Met de regeling, die officieel als Collectieve Erkenning van Indisch en Moluks Nederland in de boeken staat, is jaarlijks een bedrag van 1 miljoen euro gemoeid. Organisaties kunnen daar een beroep op doen voor onder andere educatieve, museale en culturele projecten. De afgelopen 4 jaar blijkt slechts 42 % van deze projecten op (Indische) Nederlanders gericht, terwijl 58 % vloeide naar projecten (geheel dan wel deels) gericht op andere uit voormalig Nederlands-Indië afkomstige bevolkingsgroepen. Het gaat hier om (Indische) Chinezen (3%), Molukkers (43 %), Papoea’s (4 %) en zelfs Indonesiërs (7 %). Dit is gecorrigeerd naar hun bevolkingsgrootte in Nederland nogal uit verhouding. Volgens de laatst beschikbare cijfers zijn er immers tussen de 1.5 en 2 miljoen Indische Nederlanders, tegenover 70.000 Molukkers. De andere genoemde bevolkingsgroepen zijn nog geringer in omvang.

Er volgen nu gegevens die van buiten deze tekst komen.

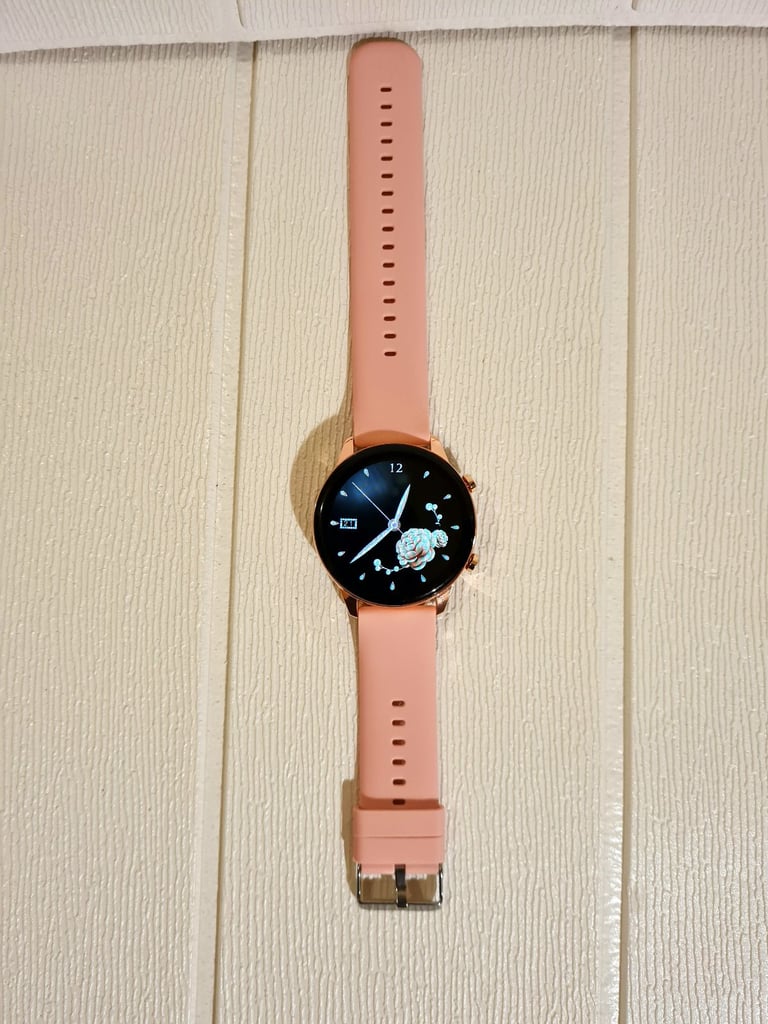 Ladies smart watch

De onevenredige verdeling is het gevolg van de eerder al bekritiseerde ruime opzet van de collectieve erkenning. In die opzet wijkt het ministerie af van wie er traditioneel met ‘Indische gemeenschap’ wordt bedoeld, door dit te herdefiniëren tot “iedereen met wortels in voormalig Nederlands-Indië, die zelf of waarvan de voorouder(s) door oorlogsgeweld en naoorlogse ontwikkelingen tot 1967 naar Nederland zijn gekomen”. Naast repatriërende (Indische) Nederlanders zouden dan ook opeens Molukkers en andere kleinere groepen migranten uit Nederlands-Indië tot de Indische gemeenschap behoren. Deze van origine niet-Nederlandse bevolkingsgroepen hebben echter een wezenlijk andere achtergrond, geschiedenis en identiteit dan Indische Nederlanders. Alhoewel het ministerie met regelmaat benadrukt dat haar kunstmatige Indische gemeenschap “niet bestaat”, blijkt zij bij de verdeling van subsidiegelden daar dus onvoldoende rekening mee te houden.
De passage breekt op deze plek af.